TRY IT
From the material below, return exactly the lines starting at the one that holds "LF474-ASM Driver and" and ending at the one that holds "Bộ trưởng Bộ". Pictures stay out of the answer.

MATERIALS PROVIDED
Start of Block

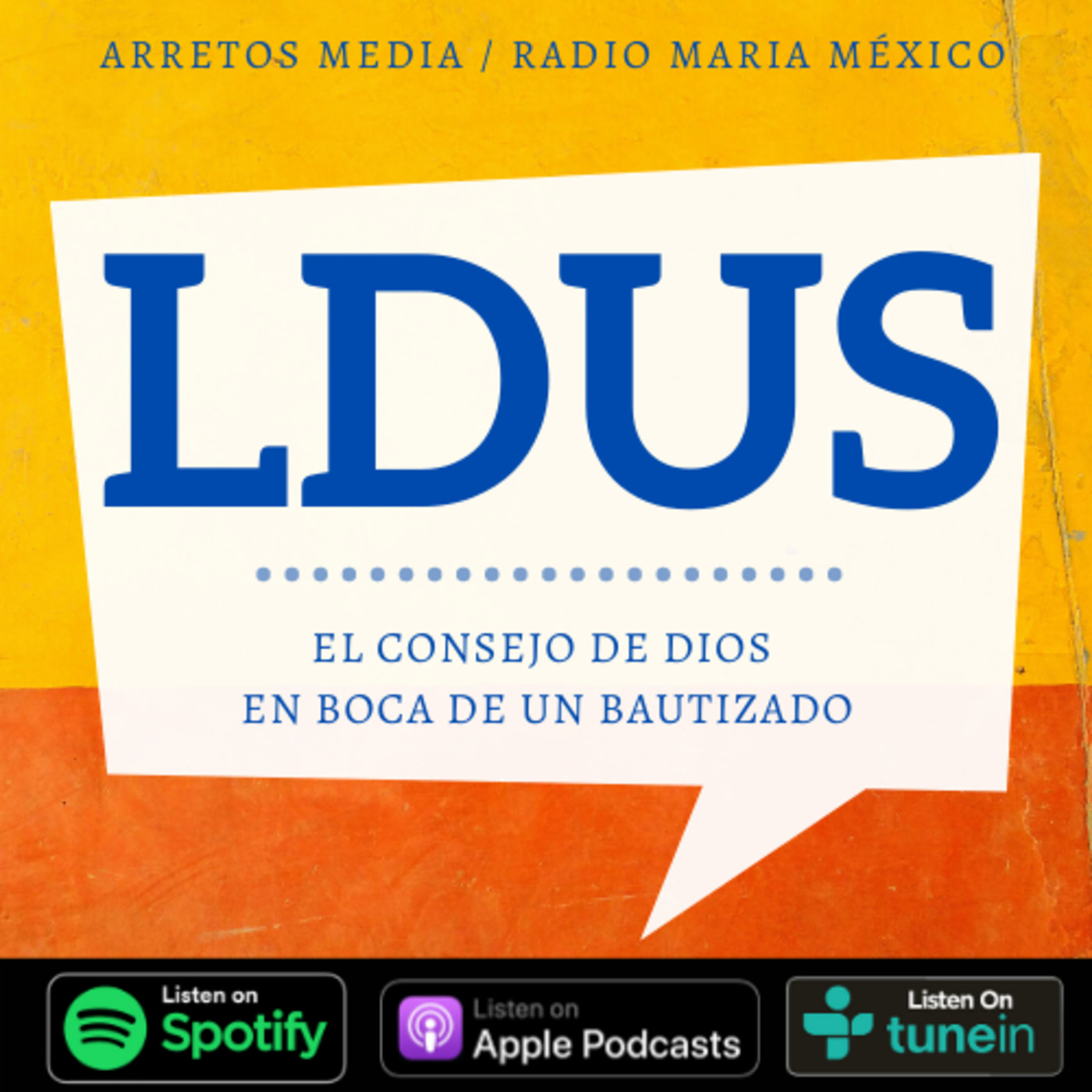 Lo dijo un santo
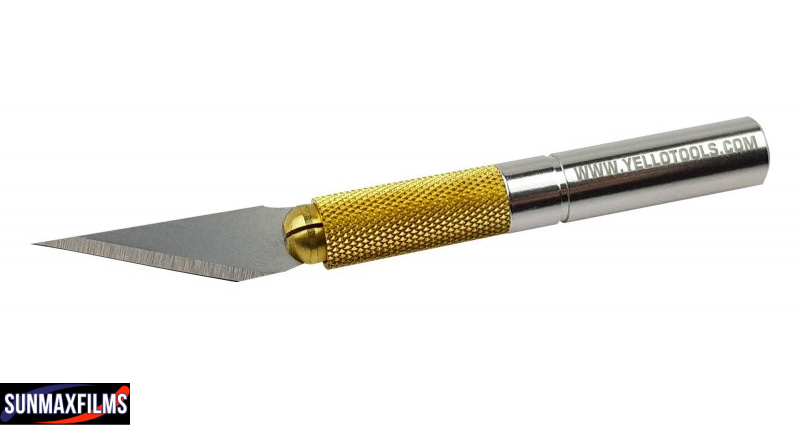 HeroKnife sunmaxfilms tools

End of Block
Start of Block

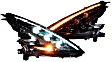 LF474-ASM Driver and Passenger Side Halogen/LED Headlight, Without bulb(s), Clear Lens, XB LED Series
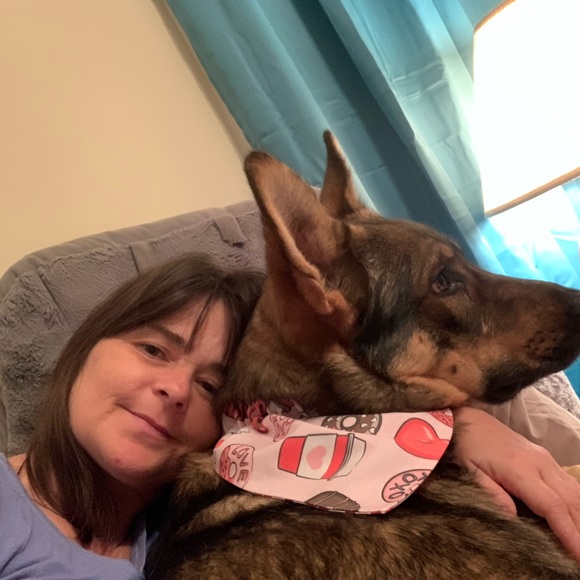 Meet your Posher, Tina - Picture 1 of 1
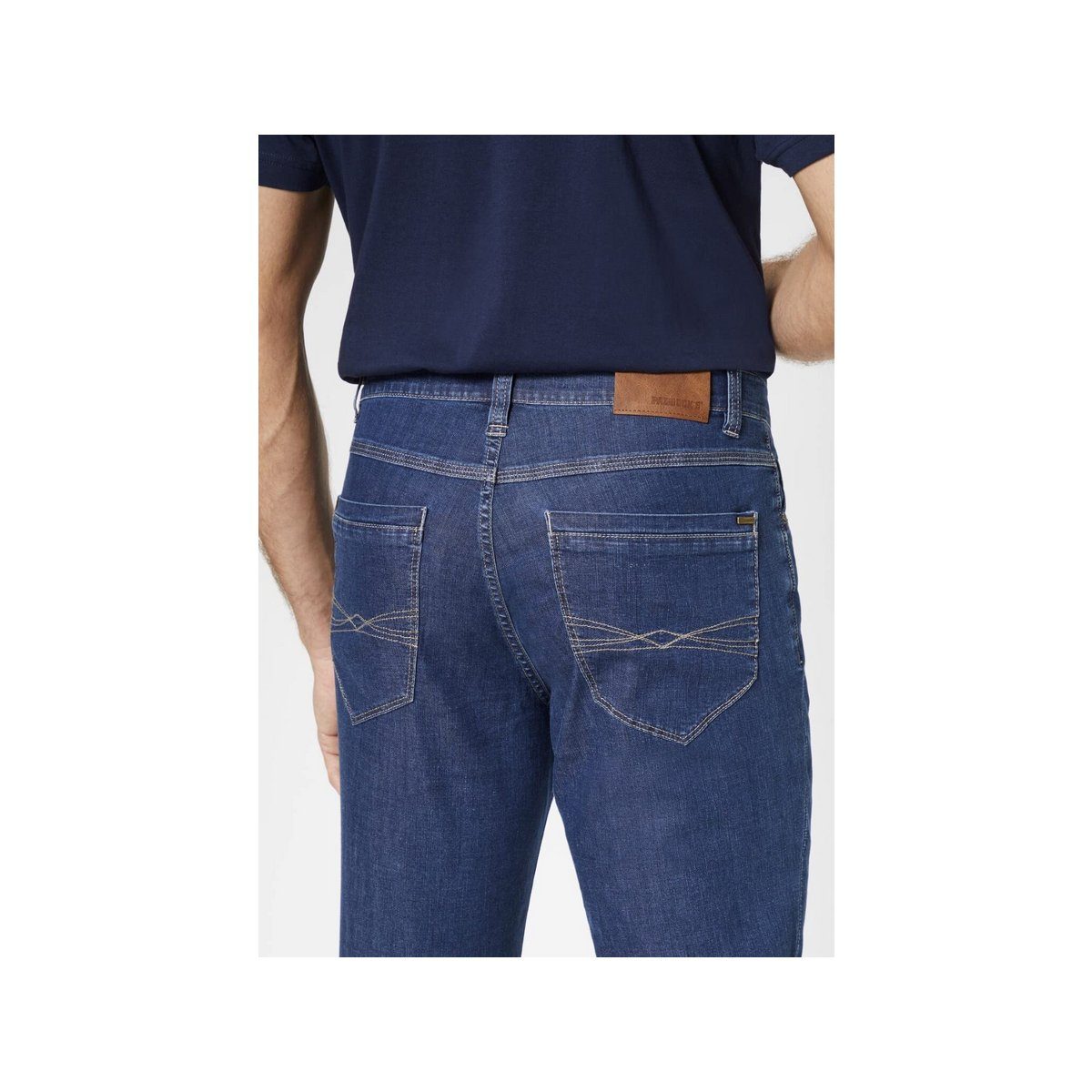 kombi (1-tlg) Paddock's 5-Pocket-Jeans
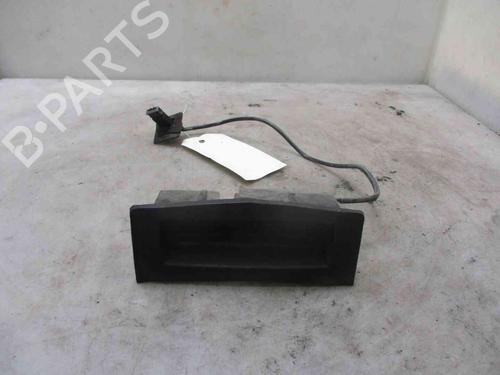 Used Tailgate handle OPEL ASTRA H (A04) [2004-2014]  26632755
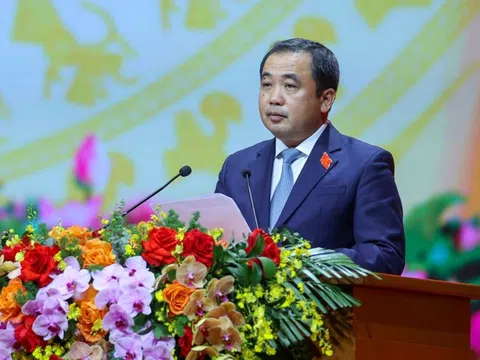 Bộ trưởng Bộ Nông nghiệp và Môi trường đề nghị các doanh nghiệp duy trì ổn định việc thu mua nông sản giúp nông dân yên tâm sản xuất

End of Block

RESPONSE
 LF474-ASM Driver and Passenger Side Halogen/LED Headlight, Without bulb(s), Clear Lens, XB LED Series
 Meet your Posher, Tina - Picture 1 of 1
 kombi (1-tlg) Paddock's 5-Pocket-Jeans
 Used Tailgate handle OPEL ASTRA H (A04) [2004-2014]  26632755
 Bộ trưởng Bộ Nông nghiệp và Môi trường đề nghị các doanh nghiệp duy trì ổn định việc thu mua nông sản giúp nông dân yên tâm sản xuất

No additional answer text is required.